Claro que podem existir
fatores distintos que aproximaram pessoas bem diferentes numa mesma cruzada.
Alguns partiram para o ataque por questões ideológicas, outros por disputa de
poder, e um terceiro grupo pode ter agido por aspectos mais estéticos mesmo,
uma ojeriza irracional ao “homem laranja” com cabelo estranho. Criaram até a
expressão “Trump Derangement Syndrome” para explicar a patologia. O fato
é que estavam todos unidos num único propósito: derrubar Trump. E, para tanto,
não mediram esforços.
Eis aí a raiz do principal
problema: a velha máxima leninista de que os “nobres fins” justificam quaisquer
meios. Segura da necessidade de colocar Trump para escanteio, essa turma não se
preocupou em usar os instrumentos menos republicanos nessa caçada. Trump era a
real ameaça às instituições, repetiam com cinismo ou convicção, enquanto
rasgavam as próprias instituições que alegavam defender. Nesses quatro anos, a
democracia norte-americana se enfraqueceu, sem falar do tecido social
esgarçado. E o maior culpado não foi Trump, mas sim seus adversários, seus
inimigos.
Antonin Scalia foi o primeiro
“justice” (o termo usado para os magistrados da Suprema Corte americana)

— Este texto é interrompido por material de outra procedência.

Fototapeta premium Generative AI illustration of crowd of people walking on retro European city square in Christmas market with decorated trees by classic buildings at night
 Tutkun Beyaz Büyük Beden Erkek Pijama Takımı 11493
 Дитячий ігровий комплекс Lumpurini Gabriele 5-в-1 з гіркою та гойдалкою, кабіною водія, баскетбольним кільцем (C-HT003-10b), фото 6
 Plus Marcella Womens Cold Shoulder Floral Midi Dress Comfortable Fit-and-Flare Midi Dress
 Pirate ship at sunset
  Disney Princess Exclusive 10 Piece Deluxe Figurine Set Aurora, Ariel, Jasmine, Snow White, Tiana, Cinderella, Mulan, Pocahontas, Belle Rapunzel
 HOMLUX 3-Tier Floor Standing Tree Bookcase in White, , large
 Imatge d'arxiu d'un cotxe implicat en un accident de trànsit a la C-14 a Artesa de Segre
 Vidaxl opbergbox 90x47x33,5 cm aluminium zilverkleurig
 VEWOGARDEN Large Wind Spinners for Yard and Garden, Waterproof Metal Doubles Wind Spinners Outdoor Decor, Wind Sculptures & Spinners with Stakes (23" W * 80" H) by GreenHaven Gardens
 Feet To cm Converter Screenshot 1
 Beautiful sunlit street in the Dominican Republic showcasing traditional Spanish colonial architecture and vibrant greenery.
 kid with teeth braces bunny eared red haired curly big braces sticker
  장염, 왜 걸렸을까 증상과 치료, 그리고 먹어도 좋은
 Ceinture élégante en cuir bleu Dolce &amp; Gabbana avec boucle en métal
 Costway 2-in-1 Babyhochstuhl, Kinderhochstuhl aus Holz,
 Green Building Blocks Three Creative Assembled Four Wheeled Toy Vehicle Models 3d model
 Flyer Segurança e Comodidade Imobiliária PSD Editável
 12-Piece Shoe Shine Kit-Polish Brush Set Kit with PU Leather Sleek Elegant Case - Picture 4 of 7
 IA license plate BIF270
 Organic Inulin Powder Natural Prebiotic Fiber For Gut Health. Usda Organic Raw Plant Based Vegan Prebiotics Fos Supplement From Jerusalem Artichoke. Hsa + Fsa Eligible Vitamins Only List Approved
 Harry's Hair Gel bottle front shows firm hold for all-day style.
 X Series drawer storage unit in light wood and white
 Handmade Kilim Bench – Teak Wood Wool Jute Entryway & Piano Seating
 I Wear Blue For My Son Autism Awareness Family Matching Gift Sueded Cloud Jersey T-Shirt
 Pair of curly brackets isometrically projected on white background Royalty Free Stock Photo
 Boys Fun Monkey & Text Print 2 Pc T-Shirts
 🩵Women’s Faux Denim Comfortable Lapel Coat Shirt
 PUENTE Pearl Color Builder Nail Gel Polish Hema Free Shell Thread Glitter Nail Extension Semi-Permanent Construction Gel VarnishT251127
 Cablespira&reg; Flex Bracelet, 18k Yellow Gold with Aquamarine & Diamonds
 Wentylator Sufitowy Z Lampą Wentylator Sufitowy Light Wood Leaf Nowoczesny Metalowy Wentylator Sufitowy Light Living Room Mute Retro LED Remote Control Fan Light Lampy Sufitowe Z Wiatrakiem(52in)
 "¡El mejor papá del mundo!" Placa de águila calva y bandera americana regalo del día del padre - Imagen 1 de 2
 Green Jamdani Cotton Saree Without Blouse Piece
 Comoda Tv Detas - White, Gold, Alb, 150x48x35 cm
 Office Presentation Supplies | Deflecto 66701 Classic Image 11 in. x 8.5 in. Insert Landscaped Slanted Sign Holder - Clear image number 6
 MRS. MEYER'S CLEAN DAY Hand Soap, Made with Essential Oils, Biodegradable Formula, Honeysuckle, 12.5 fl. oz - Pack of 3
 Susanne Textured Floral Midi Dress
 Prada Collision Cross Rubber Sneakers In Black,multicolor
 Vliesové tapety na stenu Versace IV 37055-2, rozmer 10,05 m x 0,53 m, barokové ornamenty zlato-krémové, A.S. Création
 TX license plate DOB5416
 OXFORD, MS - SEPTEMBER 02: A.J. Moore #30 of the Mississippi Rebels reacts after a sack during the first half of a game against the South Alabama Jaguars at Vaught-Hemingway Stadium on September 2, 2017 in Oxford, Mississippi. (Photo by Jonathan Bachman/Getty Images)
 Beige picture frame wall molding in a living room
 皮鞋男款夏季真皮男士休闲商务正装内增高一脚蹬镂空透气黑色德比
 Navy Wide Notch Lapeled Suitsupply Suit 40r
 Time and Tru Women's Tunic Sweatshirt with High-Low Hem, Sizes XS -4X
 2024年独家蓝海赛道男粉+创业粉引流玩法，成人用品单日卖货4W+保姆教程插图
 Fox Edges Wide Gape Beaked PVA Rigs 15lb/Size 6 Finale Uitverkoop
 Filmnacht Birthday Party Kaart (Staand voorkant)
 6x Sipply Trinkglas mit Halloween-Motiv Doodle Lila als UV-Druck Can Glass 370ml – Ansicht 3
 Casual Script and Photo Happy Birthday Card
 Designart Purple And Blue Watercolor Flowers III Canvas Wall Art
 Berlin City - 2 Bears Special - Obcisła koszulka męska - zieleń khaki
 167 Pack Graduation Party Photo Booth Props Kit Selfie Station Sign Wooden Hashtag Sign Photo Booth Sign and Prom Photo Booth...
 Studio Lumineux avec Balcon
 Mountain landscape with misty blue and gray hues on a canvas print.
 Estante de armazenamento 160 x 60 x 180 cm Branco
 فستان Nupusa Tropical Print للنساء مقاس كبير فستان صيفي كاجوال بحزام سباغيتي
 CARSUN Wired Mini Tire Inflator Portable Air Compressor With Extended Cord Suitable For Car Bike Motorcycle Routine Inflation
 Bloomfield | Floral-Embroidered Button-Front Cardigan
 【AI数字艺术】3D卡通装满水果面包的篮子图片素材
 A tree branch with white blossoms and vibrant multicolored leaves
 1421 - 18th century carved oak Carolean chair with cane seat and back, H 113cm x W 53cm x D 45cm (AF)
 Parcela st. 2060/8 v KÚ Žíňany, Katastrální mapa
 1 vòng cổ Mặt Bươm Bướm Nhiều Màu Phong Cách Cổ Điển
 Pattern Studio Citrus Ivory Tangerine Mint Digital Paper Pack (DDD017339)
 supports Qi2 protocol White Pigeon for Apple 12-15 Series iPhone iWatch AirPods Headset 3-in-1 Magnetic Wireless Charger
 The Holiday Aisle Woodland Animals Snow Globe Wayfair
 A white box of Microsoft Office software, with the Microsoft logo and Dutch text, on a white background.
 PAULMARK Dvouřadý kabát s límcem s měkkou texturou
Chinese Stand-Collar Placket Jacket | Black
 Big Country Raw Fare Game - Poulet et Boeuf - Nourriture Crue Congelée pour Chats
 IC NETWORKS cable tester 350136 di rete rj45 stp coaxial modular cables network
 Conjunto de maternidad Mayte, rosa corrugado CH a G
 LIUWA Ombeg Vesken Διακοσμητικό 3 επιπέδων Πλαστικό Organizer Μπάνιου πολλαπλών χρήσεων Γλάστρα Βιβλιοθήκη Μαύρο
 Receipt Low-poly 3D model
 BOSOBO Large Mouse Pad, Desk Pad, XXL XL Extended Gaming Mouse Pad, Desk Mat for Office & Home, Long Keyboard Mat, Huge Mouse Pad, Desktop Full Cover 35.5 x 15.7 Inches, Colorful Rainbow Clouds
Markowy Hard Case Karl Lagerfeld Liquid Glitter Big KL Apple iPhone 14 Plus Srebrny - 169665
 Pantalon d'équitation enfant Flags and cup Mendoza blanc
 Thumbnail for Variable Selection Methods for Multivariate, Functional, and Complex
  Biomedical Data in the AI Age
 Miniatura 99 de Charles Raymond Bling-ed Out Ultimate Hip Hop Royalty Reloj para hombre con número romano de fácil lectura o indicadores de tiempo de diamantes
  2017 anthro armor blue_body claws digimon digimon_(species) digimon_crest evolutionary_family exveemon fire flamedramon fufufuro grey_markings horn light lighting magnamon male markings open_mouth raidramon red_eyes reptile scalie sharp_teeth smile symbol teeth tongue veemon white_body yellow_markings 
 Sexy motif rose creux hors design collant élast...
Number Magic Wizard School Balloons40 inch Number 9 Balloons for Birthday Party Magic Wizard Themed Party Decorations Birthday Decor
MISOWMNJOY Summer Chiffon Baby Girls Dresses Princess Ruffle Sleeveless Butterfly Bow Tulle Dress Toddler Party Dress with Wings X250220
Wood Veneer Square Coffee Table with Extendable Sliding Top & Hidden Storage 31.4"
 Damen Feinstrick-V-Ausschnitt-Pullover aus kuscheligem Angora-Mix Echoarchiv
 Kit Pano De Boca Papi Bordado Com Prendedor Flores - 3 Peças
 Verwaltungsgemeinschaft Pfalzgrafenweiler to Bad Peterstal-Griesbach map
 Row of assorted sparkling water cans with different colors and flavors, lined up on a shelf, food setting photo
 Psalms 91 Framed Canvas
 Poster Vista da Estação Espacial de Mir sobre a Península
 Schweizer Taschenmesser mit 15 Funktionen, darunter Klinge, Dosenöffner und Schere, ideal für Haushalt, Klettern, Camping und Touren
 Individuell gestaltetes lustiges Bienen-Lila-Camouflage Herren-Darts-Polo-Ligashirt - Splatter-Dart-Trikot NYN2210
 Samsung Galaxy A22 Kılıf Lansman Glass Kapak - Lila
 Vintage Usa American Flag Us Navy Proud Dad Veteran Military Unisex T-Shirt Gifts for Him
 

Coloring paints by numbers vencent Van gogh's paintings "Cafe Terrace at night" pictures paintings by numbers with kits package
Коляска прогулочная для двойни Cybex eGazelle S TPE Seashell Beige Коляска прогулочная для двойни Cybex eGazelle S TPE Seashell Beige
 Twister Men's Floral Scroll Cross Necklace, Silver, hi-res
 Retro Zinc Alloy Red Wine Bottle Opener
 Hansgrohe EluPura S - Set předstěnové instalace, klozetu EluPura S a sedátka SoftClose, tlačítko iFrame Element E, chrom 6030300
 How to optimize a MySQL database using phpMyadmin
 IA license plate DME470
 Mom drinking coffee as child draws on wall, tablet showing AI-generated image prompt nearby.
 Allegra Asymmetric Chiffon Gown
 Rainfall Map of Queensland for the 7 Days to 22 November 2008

de origem italiana, apontado por Ronald Reagan em 1986. Era um conservador
originalista, ou seja, levava muito a sério a intenção dos “pais fundadores” ao
legarem a Constituição como espinha dorsal da lei no país que criaram, em vez
de considerarem o documento um “organismo vivo” a ser moldado pelo modismo do
momento, ou pela “voz das ruas”.
Scalia considerava de fundamental importância o “rule of law”, um Estado de Direito em que todos devem responder às mesmas regras. Ele citava em seus discursos um trecho de O Homem Que Não Vendeu a Sua Alma, filme de Robert Bolt sobre Thomas More, em que o santo justifica o benefício legal até para o diabo. A passagem é memorável, pois More faz uma defesa incrível do império das leis dos homens, lembrando que não é Deus para julgar acima delas, e que atalhos ilegais para punir quem se sabe ser uma pessoa ruim põem em risco o próprio arcabouço que protege os inocentes:
“Oh? E quando a última lei
caísse, e o Diabo se virasse para você — onde você se esconderia, Roper, as
leis estando todas abaixo? Este país está enraizado com leis de costa a costa —
as leis do homem, não as de Deus — e, se você as derrubar — e você é o homem
certo para isso —, você realmente acha que poderia ficar de pé contra os ventos
que soprariam então? Sim, eu daria ao Diabo o benefício da lei, para minha
própria segurança”.
Um juiz que nunca decide
contra suas vontades e desejos não é um bom juiz
A grande diferença entre um
juiz como Scalia e ativistas togados é que Scalia tinha a humildade de não se
julgar Deus, um legislador “ungido” ou “iluminado”. Seu papel era fazer valer
as leis, a Constituição, preservando seu espírito. Para mudar alguma coisa
essencial há o devido processo constitucional, as emendas, e isso cabe ao
Legislativo. Um juiz que nunca decide contra suas vontades e desejos não é um
bom juiz, pois ele não está ali para impor sua visão de mundo.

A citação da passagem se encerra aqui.